Chris
Friday

July 2024
Visual Arts
Macon, GA

Chris Friday is a multidisciplinary artist based in Miami. Her portfolio features large-scale works on paper, murals, video, ceramics, projections, photography, comic illustrations, installations, and social practice/activism through curating. Friday’s work has been included in exhibitions locally, nationally, and internationally.

Recent shows include solo exhibitions “Good Times” (2023) curated by Laura Novoa and presented at Oolite Arts (2023), “One More River” presented at Austin Peay State University in Clarksville, Tennessee, and group exhibitions such as “Rest is Power” (2023) curated by Deborah Willis and presented at New York University’s Center For Black Visual Culture, “The Cartography Project” presented by the Kennedy Center in Washington, D.C. (2022) and “Who Owns Black Art?” presented by Zeal Press (2019).

Friday has received numerous awards, fellowships, and grants, including being named the 2023 SouthArts Southern Prize and State Fellow for the State of Florida, a Knight Foundation “Knights Champion” support grant (2022), a “The Ellies” Creator award from Oolite Arts (2021), the GMBCV People's Choice award in Miami Beach's No Vacancy juried art show (2021), and residencies with MassMoCA (2023), Anderson Ranch Arts Center (2022), and the Visual Arts Residency at Chautauqua Institute (2019).

BIO

“My work explores themes of rest, privacy, and supplementing the archive as a way of advocating and claiming space for Black bodies that are historically excluded from it. Often incorporating a black-and-white Chalkboard aesthetic, which plays on concepts of learning and teaching, I analyze mainstream media to identify problematic perspectives and their origins, question the legitimacy of such perspectives, and offer possible solutions in my work. Recent large-scale drawings depict Black bodies in acts of leisure, at play, and in repose, as a means of opting out of stereotypically portraying Black bodies in various scenes of trauma, pain, or over-sexualization. Accompanied by comic-style graphic illustrations that allude to desired and imagined environments and context, I give my subjects the rest and privacy they are entitled to, even while on display reflecting the longing to achieve this for myself, my family, and my community in waking life.”

STATEMENT

How Do You Define Innovative Storytelling? How Can This Innovation Be Used As A Tool To Educate, Preserve, And Celebrate The Natural Environment?

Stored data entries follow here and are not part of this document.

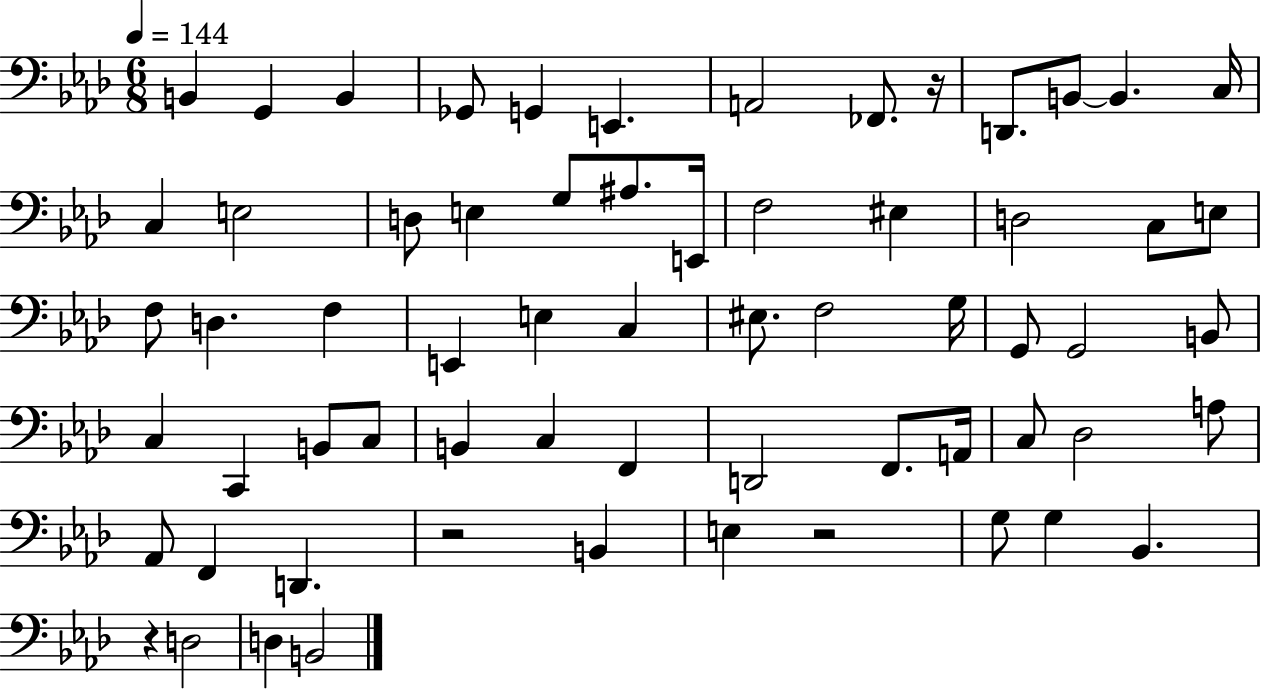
{
  \clef bass
  \numericTimeSignature
  \time 6/8
  \key aes \major
  \tempo 4 = 144
  \repeat volta 2 { b,4 g,4 b,4 | ges,8 g,4 e,4. | a,2 fes,8. r16 | d,8. b,8~~ b,4. c16 | \break c4 e2 | d8 e4 g8 ais8. e,16 | f2 eis4 | d2 c8 e8 | \break f8 d4. f4 | e,4 e4 c4 | eis8. f2 g16 | g,8 g,2 b,8 | \break c4 c,4 b,8 c8 | b,4 c4 f,4 | d,2 f,8. a,16 | c8 des2 a8 | \break aes,8 f,4 d,4. | r2 b,4 | e4 r2 | g8 g4 bes,4. | \break r4 d2 | d4 b,2 | } \bar "|."
}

“I define innovative storytelling as whatever allows you to successfully connect to an intended audience in a meaningful way. This can be a simple and straightforward relaying of information and facts, a more elaborate collaborative effort involving participatory exercises and various elements like visual (art/film/photography), music and performance or any combination of these things. The ability to pivot and tailor your story to the audience and what would reach them best characterizes this type of storytelling in my opinion.

One goal of storytelling is to impart understanding where it did not previously exist, so if that is achieved, I would consider whatever method used at that moment, innovative, especially in a social climate where connecting with others has become increasingly difficult.

Storytelling is already the way information is passed down from generation to generation, so as a tool to educate, preserve, and celebrate the natural environment it is very useful. If the message is about equity within the environmental movement, I would use storytelling to uncover the untold histories of people who were not and are not treated fairly, or who are not normally associated with the environmental movement and bring their stories to the forefront while seeking out current community members that have the capacity to help highlight and make these stories known in various ways.”